Si vous ne le prêtez pas, c’est peut-être parce que c’est un objet fort pour vous, un objet totem en quelque sorte.
Et vous avez raison, si ce livre peut être un tuteur pour certains, alors il remplit déjà un rôle important.
A bientôt !
Fais comme si tu n’avais rien lu sur cette polémique. Et puis, après tout, la majeure partie de ce livre est vraie.
Comme le dit l’auteur : « Chaque mémoire est subjective. Si dans trois semaines, nous étions tous deux interrogés sur la même soirée, nous en donnerions deux versions très différentes. »
Si je ne prête pas ce livre, c’est que je le trouve dur, et pour l’avoir déjà vu, je sais que parfois les choses peuvent avoir l’effet inverse à celui que l’on y attendait.
Cependant je crois qu’il peut, au nom du Grand Hasard, tomber dans les mains de quelqu’un pour qui il se révèlera utile. Nul ne sait quand la petite étincelle peut rallumer la mêche de la vie, nul ne sait pourquoi, comment, ni où ni quand…
Et je pense surtout que ce livre peut être utile à tous ceux qui croient encore que l’on boit ou que l’on se drogue par plaisir, que l’on se vautre là-dedans par choix, à tous ceux qui ne savent pas quelle prison s’est refermée sur des personnes qui finissent par ne plus savoir vivre sans, par ne plus vouloir vivre avec, et à qui bien souvent il ne reste qu’une issue, celle vers laquelle ils se dirigent, inexorablement, et le plus vite possible.
Merci de me permettre de m’exprimer, de m’immiscer parmi vous, qui avez l’air de bien vous connaître, et d’oeuvrer pour tout autre chose. Vous l’avez vu, c’est un sujet qui me tient à coeur, aux tripes je pourrais dire.
Ceci dit j’aime beaucoup ce blog et ce qui s’y fait !
Et puis ma petite-fille s’appelle Leïla et je lui dis souvent, comme un petit mot doux : ma Leïlouna…
Mais merci à toi de parler de ton expérience ! Chaque voyageur qui tombe sur ce blog a le droit de parler, bien-sûr ! C’est même très enrichissant de pouvoir ainsi échanger !

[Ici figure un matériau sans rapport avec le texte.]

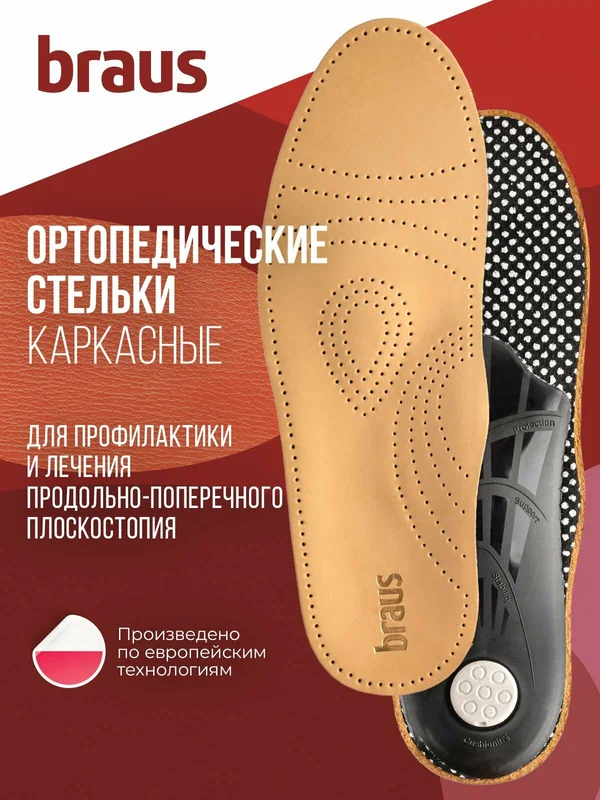Ортопедические стельки BRAUS Relax 43-44, для обуви, каркасные, кожаные, дышащие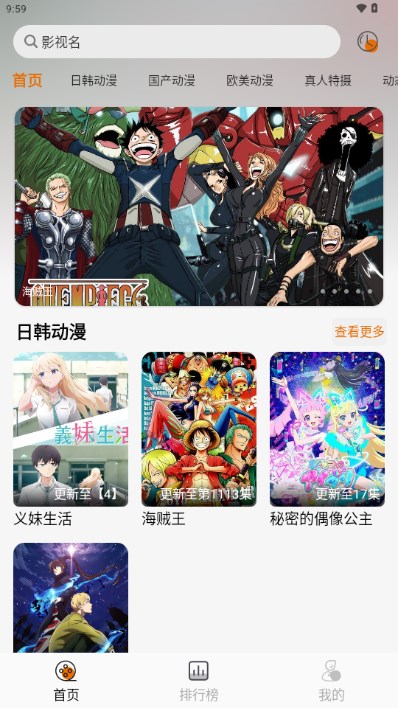 黑猫动漫app最新版2024v2.0.1(2)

(Et c’est vrai que Leiloona peut aussi renvoyer à la petite nuit « Leïla ».)
@ Armande :
Oui, j’ai lu qu’il avait sorti un nouveau roman, mais je n’ai pas regardé quel était le sujet de son nouveau livre …
Je te comprends tout à fait !
@ Lou :
Ah oui, « L’Herbe bleue » m’avait énormément plu quand j’étais gamine.